[EXERCISE DETAILS] Say how many lines in the records contain the string "with", giving the number by itself.

[DATA]
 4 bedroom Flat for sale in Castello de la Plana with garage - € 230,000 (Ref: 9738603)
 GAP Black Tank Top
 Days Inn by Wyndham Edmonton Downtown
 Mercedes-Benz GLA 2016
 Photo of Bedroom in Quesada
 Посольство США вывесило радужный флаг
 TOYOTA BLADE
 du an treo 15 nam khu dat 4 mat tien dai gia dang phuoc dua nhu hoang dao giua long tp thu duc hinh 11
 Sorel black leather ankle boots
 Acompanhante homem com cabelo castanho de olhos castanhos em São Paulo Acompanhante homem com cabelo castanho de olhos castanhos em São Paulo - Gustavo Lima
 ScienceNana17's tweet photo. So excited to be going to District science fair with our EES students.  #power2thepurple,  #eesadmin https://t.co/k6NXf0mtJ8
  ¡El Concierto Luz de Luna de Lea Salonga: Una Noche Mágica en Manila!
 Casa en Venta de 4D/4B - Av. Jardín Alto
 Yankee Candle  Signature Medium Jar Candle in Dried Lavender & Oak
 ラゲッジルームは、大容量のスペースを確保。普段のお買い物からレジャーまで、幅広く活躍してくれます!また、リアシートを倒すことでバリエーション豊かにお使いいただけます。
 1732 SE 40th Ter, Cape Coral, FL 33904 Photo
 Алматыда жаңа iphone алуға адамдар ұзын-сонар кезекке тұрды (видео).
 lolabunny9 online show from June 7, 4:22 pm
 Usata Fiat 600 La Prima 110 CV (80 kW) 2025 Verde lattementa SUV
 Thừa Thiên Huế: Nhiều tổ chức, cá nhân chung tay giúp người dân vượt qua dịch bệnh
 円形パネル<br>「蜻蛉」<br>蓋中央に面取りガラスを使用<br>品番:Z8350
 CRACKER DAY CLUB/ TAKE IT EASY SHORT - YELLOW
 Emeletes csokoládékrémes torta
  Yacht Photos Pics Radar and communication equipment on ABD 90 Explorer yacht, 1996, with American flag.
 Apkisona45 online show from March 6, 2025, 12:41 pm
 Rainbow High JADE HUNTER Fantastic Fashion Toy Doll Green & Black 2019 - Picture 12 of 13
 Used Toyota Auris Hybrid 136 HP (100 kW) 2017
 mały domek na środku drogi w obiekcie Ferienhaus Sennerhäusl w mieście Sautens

[EXPECTED ANSWER] 3